Both the line with "14.09.2025 - Stadtparktriathlon" and the line with "Ishhaara Traditional Mahalakshmi" in the records below must appear in the output, along with every line between them, exactly and with nothing added.

════

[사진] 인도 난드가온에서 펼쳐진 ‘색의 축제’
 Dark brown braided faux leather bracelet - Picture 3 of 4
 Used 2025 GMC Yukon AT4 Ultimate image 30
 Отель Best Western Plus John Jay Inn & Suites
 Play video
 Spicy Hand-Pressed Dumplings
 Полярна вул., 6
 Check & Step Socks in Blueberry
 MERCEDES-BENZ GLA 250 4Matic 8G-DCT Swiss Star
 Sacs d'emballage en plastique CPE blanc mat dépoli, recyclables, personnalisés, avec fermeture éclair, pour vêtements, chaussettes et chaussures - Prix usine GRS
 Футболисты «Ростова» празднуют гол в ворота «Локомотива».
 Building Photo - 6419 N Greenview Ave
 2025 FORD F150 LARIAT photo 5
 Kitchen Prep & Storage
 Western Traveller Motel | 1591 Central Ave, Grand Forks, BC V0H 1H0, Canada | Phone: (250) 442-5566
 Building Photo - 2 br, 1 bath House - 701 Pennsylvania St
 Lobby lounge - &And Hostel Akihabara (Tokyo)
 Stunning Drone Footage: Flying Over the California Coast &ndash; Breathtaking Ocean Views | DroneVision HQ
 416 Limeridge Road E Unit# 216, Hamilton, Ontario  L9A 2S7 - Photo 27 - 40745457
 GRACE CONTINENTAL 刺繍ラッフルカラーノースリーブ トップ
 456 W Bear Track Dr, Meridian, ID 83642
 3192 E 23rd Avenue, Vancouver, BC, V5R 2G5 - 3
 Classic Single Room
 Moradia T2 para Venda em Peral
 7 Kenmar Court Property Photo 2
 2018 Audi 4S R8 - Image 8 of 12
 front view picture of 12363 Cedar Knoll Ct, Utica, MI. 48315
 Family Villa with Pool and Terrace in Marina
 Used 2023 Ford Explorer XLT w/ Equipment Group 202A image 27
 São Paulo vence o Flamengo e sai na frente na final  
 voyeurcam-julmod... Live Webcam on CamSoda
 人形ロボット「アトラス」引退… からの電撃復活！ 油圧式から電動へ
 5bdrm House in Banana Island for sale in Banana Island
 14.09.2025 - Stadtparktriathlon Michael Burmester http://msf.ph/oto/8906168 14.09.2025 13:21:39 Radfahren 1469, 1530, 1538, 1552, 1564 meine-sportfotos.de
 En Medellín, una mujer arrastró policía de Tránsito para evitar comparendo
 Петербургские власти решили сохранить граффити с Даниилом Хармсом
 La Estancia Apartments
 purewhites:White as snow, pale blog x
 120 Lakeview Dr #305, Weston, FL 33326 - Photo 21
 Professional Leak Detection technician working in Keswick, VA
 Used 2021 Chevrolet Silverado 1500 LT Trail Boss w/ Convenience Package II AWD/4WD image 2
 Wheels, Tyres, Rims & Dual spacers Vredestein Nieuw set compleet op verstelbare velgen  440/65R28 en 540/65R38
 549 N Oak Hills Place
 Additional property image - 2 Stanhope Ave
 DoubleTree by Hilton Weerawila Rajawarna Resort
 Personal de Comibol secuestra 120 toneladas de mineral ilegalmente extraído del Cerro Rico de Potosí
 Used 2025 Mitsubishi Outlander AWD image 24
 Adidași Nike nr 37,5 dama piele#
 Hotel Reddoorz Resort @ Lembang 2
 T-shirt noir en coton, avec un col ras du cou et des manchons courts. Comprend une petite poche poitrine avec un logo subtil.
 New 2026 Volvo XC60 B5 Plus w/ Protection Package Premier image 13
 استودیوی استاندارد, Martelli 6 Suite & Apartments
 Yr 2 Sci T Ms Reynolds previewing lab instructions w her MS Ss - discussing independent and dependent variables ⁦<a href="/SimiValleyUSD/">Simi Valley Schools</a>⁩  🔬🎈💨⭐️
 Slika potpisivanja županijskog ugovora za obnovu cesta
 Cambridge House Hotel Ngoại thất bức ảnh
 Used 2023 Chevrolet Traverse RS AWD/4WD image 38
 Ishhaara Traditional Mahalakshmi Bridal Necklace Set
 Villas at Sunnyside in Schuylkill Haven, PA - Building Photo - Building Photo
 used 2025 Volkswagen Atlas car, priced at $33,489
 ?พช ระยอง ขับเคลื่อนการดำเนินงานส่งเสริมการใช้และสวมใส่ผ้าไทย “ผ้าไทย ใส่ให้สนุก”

════

> Response for this exercise
 14.09.2025 - Stadtparktriathlon Michael Burmester http://msf.ph/oto/8906168 14.09.2025 13:21:39 Radfahren 1469, 1530, 1538, 1552, 1564 meine-sportfotos.de
 En Medellín, una mujer arrastró policía de Tránsito para evitar comparendo
 Петербургские власти решили сохранить граффити с Даниилом Хармсом
 La Estancia Apartments
 purewhites:White as snow, pale blog x
 120 Lakeview Dr #305, Weston, FL 33326 - Photo 21
 Professional Leak Detection technician working in Keswick, VA
 Used 2021 Chevrolet Silverado 1500 LT Trail Boss w/ Convenience Package II AWD/4WD image 2
 Wheels, Tyres, Rims & Dual spacers Vredestein Nieuw set compleet op verstelbare velgen  440/65R28 en 540/65R38
 549 N Oak Hills Place
 Additional property image - 2 Stanhope Ave
 DoubleTree by Hilton Weerawila Rajawarna Resort
 Personal de Comibol secuestra 120 toneladas de mineral ilegalmente extraído del Cerro Rico de Potosí
 Used 2025 Mitsubishi Outlander AWD image 24
 Adidași Nike nr 37,5 dama piele#
 Hotel Reddoorz Resort @ Lembang 2
 T-shirt noir en coton, avec un col ras du cou et des manchons courts. Comprend une petite poche poitrine avec un logo subtil.
 New 2026 Volvo XC60 B5 Plus w/ Protection Package Premier image 13
 استودیوی استاندارد, Martelli 6 Suite & Apartments
 Yr 2 Sci T Ms Reynolds previewing lab instructions w her MS Ss - discussing independent and dependent variables ⁦<a href="/SimiValleyUSD/">Simi Valley Schools</a>⁩  🔬🎈💨⭐️
 Slika potpisivanja županijskog ugovora za obnovu cesta
 Cambridge House Hotel Ngoại thất bức ảnh
 Used 2023 Chevrolet Traverse RS AWD/4WD image 38
 Ishhaara Traditional Mahalakshmi Bridal Necklace Set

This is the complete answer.